Inference, Computation, and Visualization for Convex Clustering and Biclustering
April 27 @ 11:00 am - 12:00 pm
Genevera Allen (Rice)
Abstract: Hierarchical clustering enjoys wide popularity because of its fast computation, ease of interpretation, and appealing visualizations via the dendogram and cluster heatmap. Recently, several have proposed and studied convex clustering and biclustering which, similar in spirit to hierarchical clustering, achieve cluster merges via convex fusion penalties. While these techniques enjoy superior statistical performance, they suffer from slower computation and are not generally conducive to representation as a dendogram. In the first part of the talk, we present new convex (bi)clustering methods and fast algorithms that inherit all of the advantages of hierarchical clustering. Specifically, we develop a new fast approximation and variation of the convex (bi)clustering solution path that can be represented as a dendogram or cluster heatmap. Also, as one tuning parameter indexes the sequence of convex (bi)clustering solutions, we can use these to develop interactive and dynamic visualization strategies that allow one to watch data form groups as the tuning parameter varies. In the second part of this talk, we consider how to conduct inference for convex clustering solutions that addresses questions like: Are there clusters in my data set? Or, should two clusters be merged into one? To achieve this, we develop a new geometric representation of Hotelling’s T^2-test that allows us to use the selective inference paradigm to test multivariate hypotheses for the first time. We can use this approach to test hypotheses and calculate confidence ellipsoids on the cluster means resulting from convex clustering. We apply these techniques to examples from text mining and cancer genomics. This is joint work with John Nagorski, Michael Weylandt, and Frederick Campbell.

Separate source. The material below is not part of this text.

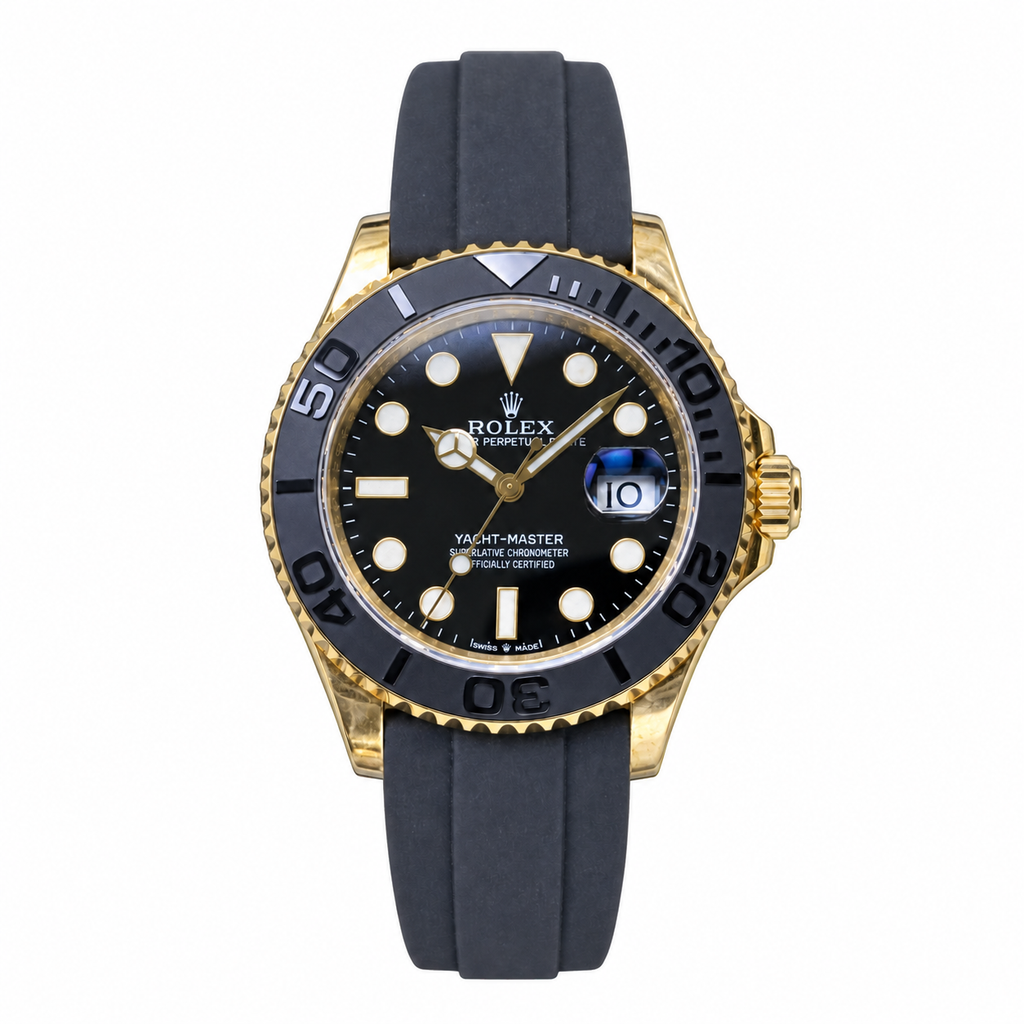 Rolex Men's Watch 42MM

Biography: Genevera Allen is an Associate Professor of Statistics, Computer Science, and Electrical and Computer Engineering at Rice University. She is also a member of the Jan and Dan Duncan Neurological Research Institute at Texas Children’s Hospital and Baylor College of Medicine where she holds a joint appointment. Dr. Allen received her PhD in statistics from Stanford University (2010), under the mentorship of Prof. Robert Tibshirani, and her bachelors, also in statistics, from Rice University (2006).
Dr. Allen’s research focuses on developing statistical methods to help scientists make sense of their ‘Big Data’ in applications such as high-throughput genomics and neuroimaging. Her work lies in the areas of modern multivariate analysis, graphical models, statistical machine learning, and data integration or data fusion. She is the recipient of several honors including a National Science Foundation CAREER award, the International Biometric Society’s Young Statistician Showcase award, and the George R. Brown School of Engineering’s Research and Teaching Excellence Award at Rice University. In 2013 and 2014, she represented the American Statistical Association (ASA) at the Coalition for National Science Funding on Capitol Hill and has had her research highlighted on the House floor in a speech by Congressman McNerney (D-CA). In 2014, Dr. Allen was named to the “Forbes ’30 under 30′: Science and Healthcare” list. Dr. Allen currently serves as an Associated Editor for Biometrics, the Secretary / Treasurer for the ASA Section on Statistical Computing, and the Program Chair for the ASA Section on Statistical Learning and Data Science.
Outside of work, Dr. Allen is a patron of the Houston Symphony and Houston Grand Opera and is involved with several arts organizations throughout Houston. She also enjoys traveling, Texas craft beers, and playing viola.